Researchers say shortages in UK can be solved with more homegrown produce

Produce Business report

While Aldi and other retailers have for the moment provided fixes to the shortages of fruits and vegetables on their shelves, researchers say more needs to be done to stave off potential gaps in the future.

A new Green Paper released by the University of Warwick purports that UK should be less reliant on other “climate vulnerable countries” for fresh produce and more focussed on boosting farming and production here. They said increased growing and consumption of UK produce not only could help the economy but the environment too.

“The current shortages of fresh food on supermarket shelves demonstrates the high dependence of our diets in the UK on imports,” Professor Richard Napier, Deputy Head of the University of Warwick’s School of Life Sciences, said. “With appropriate support the UK can and should grow much more of our fresh food – vegetables, salads, herbs and fruit.”

In its Green Paper called “Growing British”, which piggybacks on last year’s National Food Strategy, Warwick scientists say the UK could save as much as £0.5bn by leaning more on homegrown fruits and vegetables. But in order to get there, the supply chain model would need to shift and make UK-grown produce 30% of overall consumption over the next decade.

So how could that happen?

To encourage expansion of the fruit and veg sector in the UK we need to provide and promote new research-led solutions,” Napier said. “The University of Warwick has world-leading research in plant breeding, green energy, automation and solutions for pest and disease management. With improved strategic support, this excellence can provide a clean, green and economically viable future for the fresh food sector.”

Warwick’s own Crop Centre promotes sustainable agriculture, horticulture and food security. Growing British backs a 30% increase in UK consumption of fresh fruit and vegetables by 2032.
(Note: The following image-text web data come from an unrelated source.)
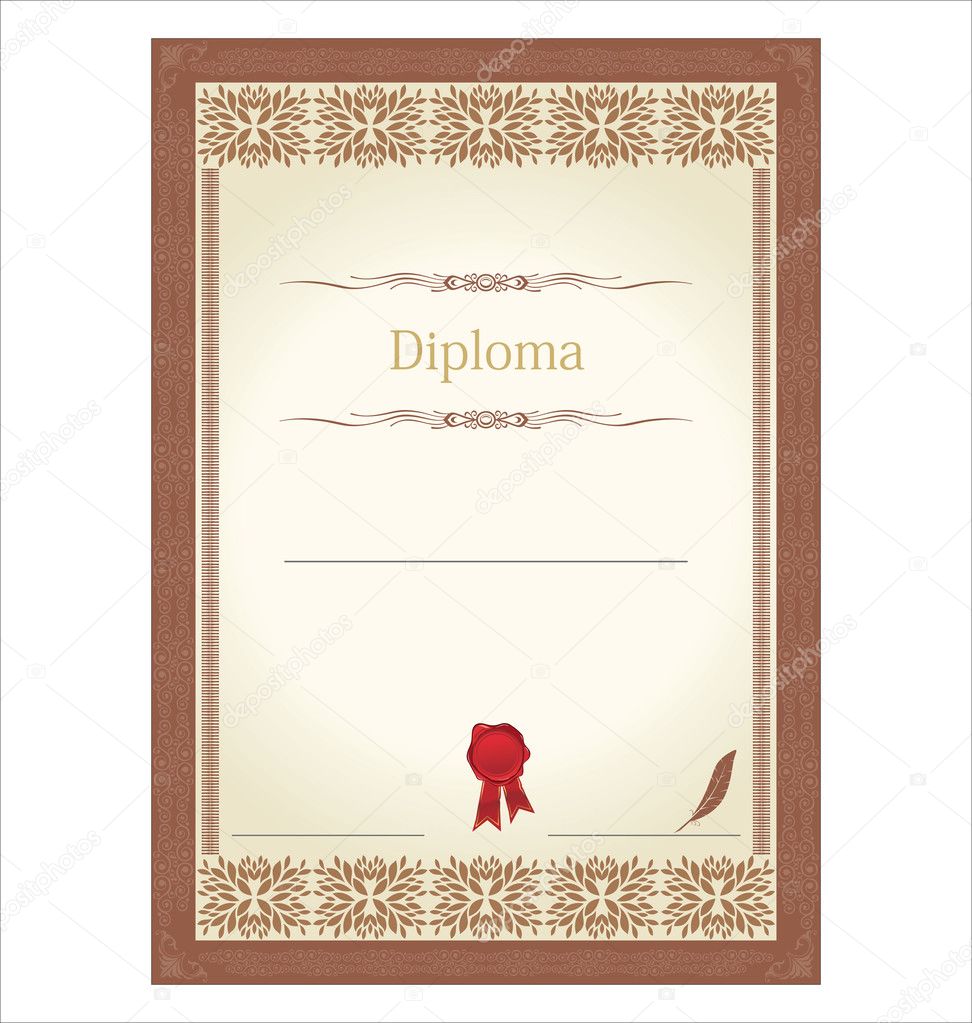 Free Diploma Template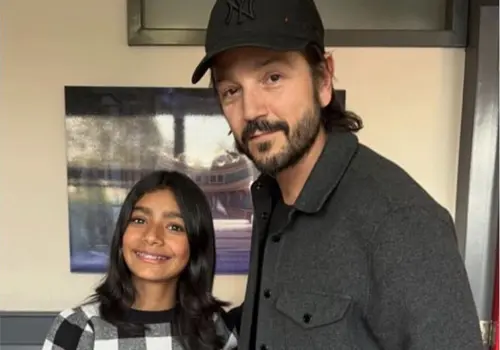 Frida Cruz en película de Diego Luna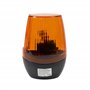 Lampe témoin d'ouverture PNI LMP130, LED, 12-265V, clignotante, pour portails autoportants, IP54, Orange/Noir, Orange/Noir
Many supermarkets over the past month have been beset by shortages, largely because of weather-related problems in other countries. But labour and logistics also have played a part, forcing retailers to ration certain fruits and vegetables. While that is beginning to subside, the university researchers say steering away from that reliance post-Brexit could be a smart move. They say 16,000 jobs could be created in UK agriculture with change. It is not clear, however, whether UK supermarkets would be able to stock those shelves in off times for produce that cannot be grown during winter months in the UK, for example.